Vampire lovers, Leila Alaoui’s photography and grilled cheese sarnies
6 November 2020
This article is part of HERO Dailies – Essential culture, curated daily and also part of Weekend Combo – What to do this weekend

HERO DAILIES: Essential culture, curated daily
WEEKEND COMBO: What to do this weekend

See our archive of Weekend Combos →

FRIDAY 6th November – SUNDAY 8th November 2020

Film

Only Lovers Left Alive
We know Halloween was last weekend but this spotlighted film from MUBI is still worth shouting about. Before Jim Jarmusch embarked on his zombie interest he was having a vampire moment, and in 2014 he presented his homage to the genre with a film about a dysfunctional blood sucking couple on an existential journey to self discovery.

Starring Tilda Swinton and Tom Hiddlestone, Only Lovers Left Alive presents the quandary of eternal life with protagonists who have grown depressed with what they see as the ills of modern society. One (Hiddlestone) is an introverted musician who refuses to embrace new technology in his work, instead preferring to record on archaic machines in solitary studios. The other (Swinton), is his concerned partner of 500-odd years. In typical Jarmusch style, he manages to flip the cliched tropes on their heads, making the vampires victims and the rest of us monsters.

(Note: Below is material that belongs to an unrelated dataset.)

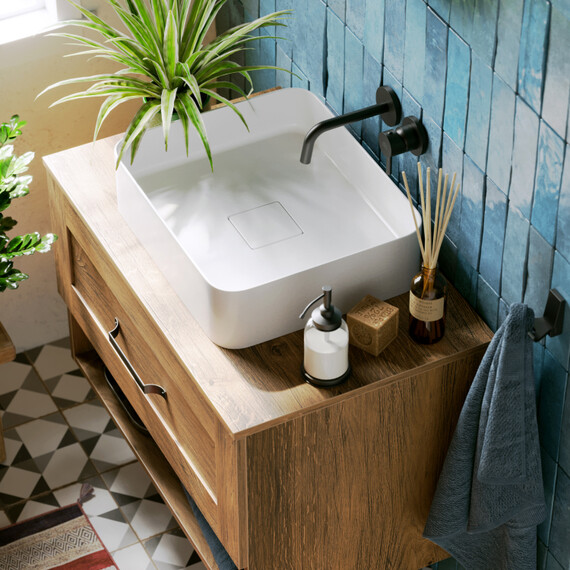 AQWELLA "CRAFT" ТУМБА ПОД УМЫВАЛЬНИК, ЦВЕТ ДУБ БАЛТИЙСКИЙ, CRF0108DB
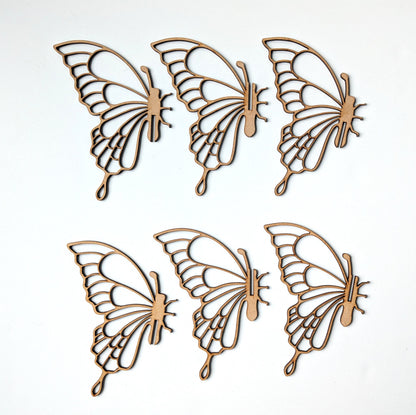 Small Butterflies MDF template for resin art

Watch Only Lovers Left Alive on MUBI

Still, Only Lovers Left Alive (2013) dir. Jim Jarmusch

Art

Take a virtual tour 
In anticipation of Lockdown 2.0, Somerset House have organised a virtual walk-through of their new photography exhibition by the late Leila Alaoui. As the first major retrospective of the French-Morrocan photographer and video artist, this is a vital opportunity to see Alaoui’s striking portraits of North African communities.

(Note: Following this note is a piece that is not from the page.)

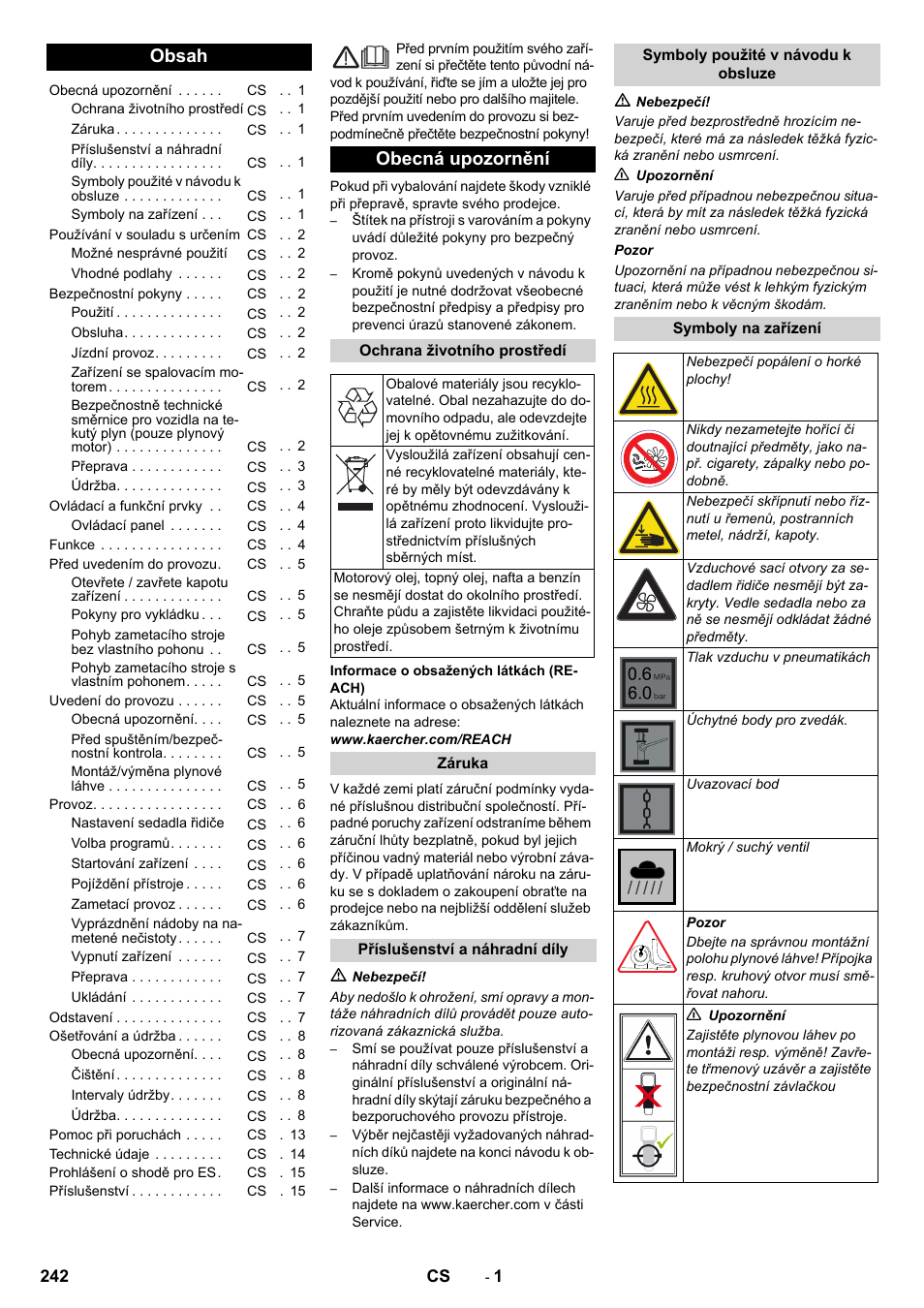 Karcher Balayeuse KM 90-60 R Lpg Adv User Manual | Page 242 / 432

The exhibition will also feature the unfinished video project Alaoui was working on at the time of her death in 2016 (Alaoui was murdered in a terrorist attack in Burkina Faso, aged 33). Entitled L’Ile du Diable (Devil’s Island), the short film tells the story of dispossessed migrant workers at the old Renault factory in Paris.

With a free virtual tour available from today, guided by broadcaster and cultural commentator Ekow Eshun, this is an essential drop of cultural nourishment you’d do well not to miss.

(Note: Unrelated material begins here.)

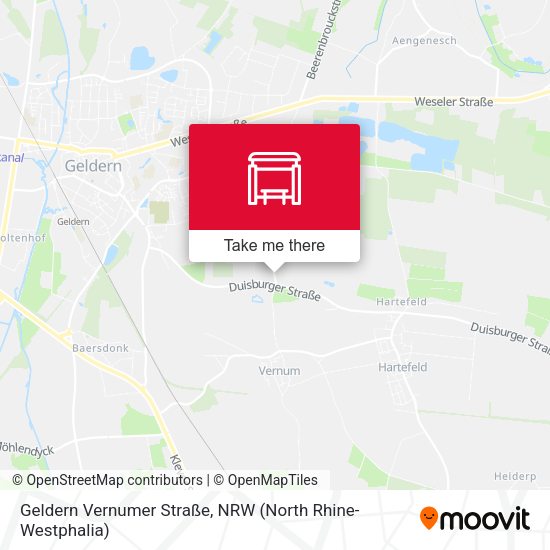 Карта Geldern Vernumer Straße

No Pasara by Leila Alaoui 2008. Courtesy Fondation Leila Alaoui GALLERIA CONTINUA

Shop

During lockdown, supporting our independent stores is vitally important. Teaming that with the fact we all have lotsss of free time, local bookshops are in serious need of your help. With this in mind, a new website simply named Bookshop has united hundreds of the UK’s favourite independent book stores to make it super easy for you to buy your reading material from those in need. Some of those stores included include Burley Fisher in Haggerston, La Biblioteka in Sheffield and Artwords in Shoreditch.

If you need some reading suggestions, look no further than the HERO Sunday Book Club.

Food + Drink

The best kind of hole in the wall 
Over at Haggerston’s The Scolt Head, lockdown means shuttering old doors and opening up new ones. Still smarting the nous of Lockdown 1.0, they’ve just announced they will be re-opening their side-hatch to continue serving hot sandwiches, mulled wine (and other drinks) and warming wintry soups to passing punters.

What’s so special about a hot sandwich, you ask? Pretending for a second to indulge such a question, The Scolt Head’s sandwich menu speaks for itself: from the grilled cheese, caramalised onion and leek on sourdough to the Chicken Katsu Sando with green beans on toasted brioche (a new addition), what’s left for us to say?